I was asked, by a parishioner, if I would come and bless a seaplane that he uses to train pilots for water landings. He said that after the prayers he wanted to take me on a brief flight and that I should wear clothes that could get wet. I am always up for an adventure but, clothes that can get wet? I was at Falcon Field (a small plane airport in Mesa) at 7 in the morning. I did the prayers for the blessing of an airplane – really cool prayer service that I will include below. And yes, I know it is a little self-serving to bless the plane before takeoff.

After the plane blessing, Tom, my parishioner, gave me a safety briefing that could make a grown man cry. He first asked me if I could swim. I said, “yes” but was thinking, “should I call my wife and kids and tell them I love them, one last time? He said that if we crash on water we would both be injured and upside down. Sea planes flip over because the engine sits on top. Oh, and because of the water pressure the doors would not open until the cabin had completely filled with water and that I was to remain calm while it filled up. Right! And even though I would be wearing an inflatable life vest I was not to pull the cord while injured and upside down because it would inflate and trap me in the sinking plane. The good news was that there were bottles of “spare air.” I was to retrieve mine from behind his seat. However, the oxygen would not automatically flow and there was no valve. I was to remember to blow hard into the mouth piece in order to start the flow of oxygen…. all while injured and upside down and sinking in the cold, wet, dark, broken plane and not pulling the rip chord on my life vest….
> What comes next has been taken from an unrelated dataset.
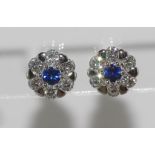 Pair of cluster diamond & sapphire earrings set in 18ct white gold, each has six diamonds around a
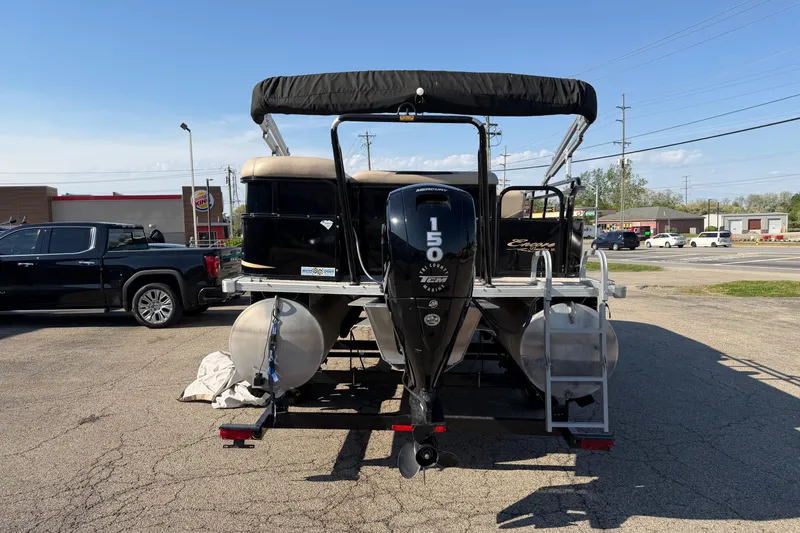 Slide: The Image of 2012 Bentley Pontoons 240 CRUISE with Mercury 150 engine on trailer. - 13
my ride, complete with inflatable life vest

Did I mention that we had two beautiful water landings and take offs? Oh, did I also forget to mention that I threw up on the flight home? Tom is an ace but it was hot and there was turbulence. We were both apologetic but I am pretty sure throwing up was my fault and not his… I was very glad that he added that trash bag to our gear at last minute.

aerial view of saguaro lake


lake roosevelt bridge and dam

The prayer begins in the usual way with the Trisagion Prayers and then we read Psalm 139:

To the choirmaster. A Psalm of David. O LORD, thou hast searched me and known me! Thou knowest when I sit down and when I rise up; thou discernest my thoughts from afar. Thou searchest out my path and my lying down, and art acquainted with all my ways. Even before a word is on my tongue, lo, O LORD, thou knowest it altogether. Thou dost beset me behind and before, and layest thy hand upon me. Such knowledge is too wonderful for me; it is high, I cannot attain it. Whither shall I go from thy Spirit? Or whither shall I flee from thy presence? If I ascend to heaven, thou art there! If I make my bed in hell, thou art there! If I take the wings of the morning and dwell in the uttermost parts of the sea, even there thy hand shall lead me, and thy right hand shall hold me. If I say, “Let only darkness cover me, and the light about me be night,” even the darkness is not dark to thee, the night is bright as the day; for darkness is as light with thee. For thou didst form my inward parts, thou didst knit me together in my mother’s womb. I praise thee, for thou art fearful and wonderful. Wonderful are thy works! Thou knowest me right well; my frame was not hidden from thee, when I was being made in secret, intricately wrought in the depths of the earth. Thy eyes beheld my unformed substance; in thy book were written, every one of them, the days that were formed for me, when as yet there was none of them. How precious to me are thy thoughts, O God! How vast is the sum of them! If I would count them, they are more than the sand. When I awake, I am still with thee. O that thou wouldst slay the wicked, O God, and that men of blood would depart from me, men who maliciously defy thee, who lift themselves up against thee for evil! Do I not hate them that hate thee, O LORD? And do I not loathe them that rise up against thee? I hate them with perfect hatred; I count them my enemies. Search me, O God, and know my heart! Try me and know my thoughts! And see if there be any wicked way in me, and lead me in the way everlasting! Psalm 139

And then this prayer:

O Lord God, Who is borne on the cherubim; Who took Elijah up to heaven in a fiery chariot; Who, by your angels, carried Habakkuk and Philip the Deacon through the air, and Who gathered the Apostles at the Dormition of Your Mother: As the same Lord, sanctify this boat of the air, and bless those traveling in it, preserving them from all evil. For You alone are all-powerful, and to You we ascribe glory; to the Father, and to the Son, and to the Holy Spirit, now and ever and unto ages of ages. Amen.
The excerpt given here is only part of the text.